S(Heroes) and Subversive Subjectivity in Speculative Fiction The Eye of the Heron and The Testaments

Main Article Content

Dr. Shimi Moni Doley

Abstract

Utopia implies the quest or desire for an idealized world and Utopian thinking and writing is the articulation of creative and critical ideas about existing society or a society of the future. But, the vision of an ideal world varies from people to people as there is so much variation in what people consider a perfect world. Sometimes, the quest to create a Utopia by some leads to the abrogation of rights of others which manifests into an irony of Utopian appearances but dystopic realities. The female-authored Utopia/Dystopia fiction has often been a way of articulating the unspeakable and of imagining a powerful female protagonist in opposition to the phallic law.

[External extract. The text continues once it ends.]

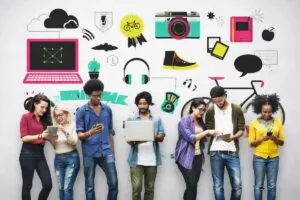 Jóvenes mexicanos de la generación Z priorizan el ahorro ante la incertidumbre económica y altos intereses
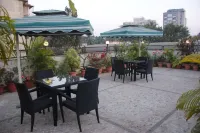 Hotel Midland - Hostel - Hostels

This paper examines how Ursula K. Le Guin’s The Eye of the Heron and Margaret Atwood’s The Testaments employ the generic conventions of Utopic/Dystopic fiction to interrogate sexual and gender politics in society and provoke the readers to question and value their own freedoms. The Eye of the Heron published in 1978 represents Le Guin’s anarcho-pacifist ideals and is set in a penal colony on the planet Victoria inhabited by the descendants of violent criminals exiled from earth and another group called People of the Peace, exiled following a massive nonviolent march from Moscow to Lisbon. A faceoff erupts between the two groups and Lev is the heroic ideal leading the people of the peace but ultimately, he is shot dead. It is Luz Marina Falco, the female protagonist and daughter of the leader of the rival faction who ultimately leads them to a new Eden, who had revolted against her father and her culture’s treatment of her as an object for the service of a man. In the end, Luz Snatches freedom on her own terms. Atwood’s The Testaments published four decades later and as a sequel to the The Handmaid’s Tale attributes the authorial voice to a supposedly female oppressive figure – Aunt Lydia. Atwood blurs the distinction between stark villain and victim. Atwood gives this authorial figure a chance to prove and testify that she was not an amenable colluder but a subversive agent provocateur who while abetting the brutal patriarchs had also been secretly plotting Gilead’s downfall. Lydia’s story elliptically refers to her guilt but it also focuses on the suffering that coerced her into the oppressor’s role and the subversion she wreaks on the patriarchal order as an insider.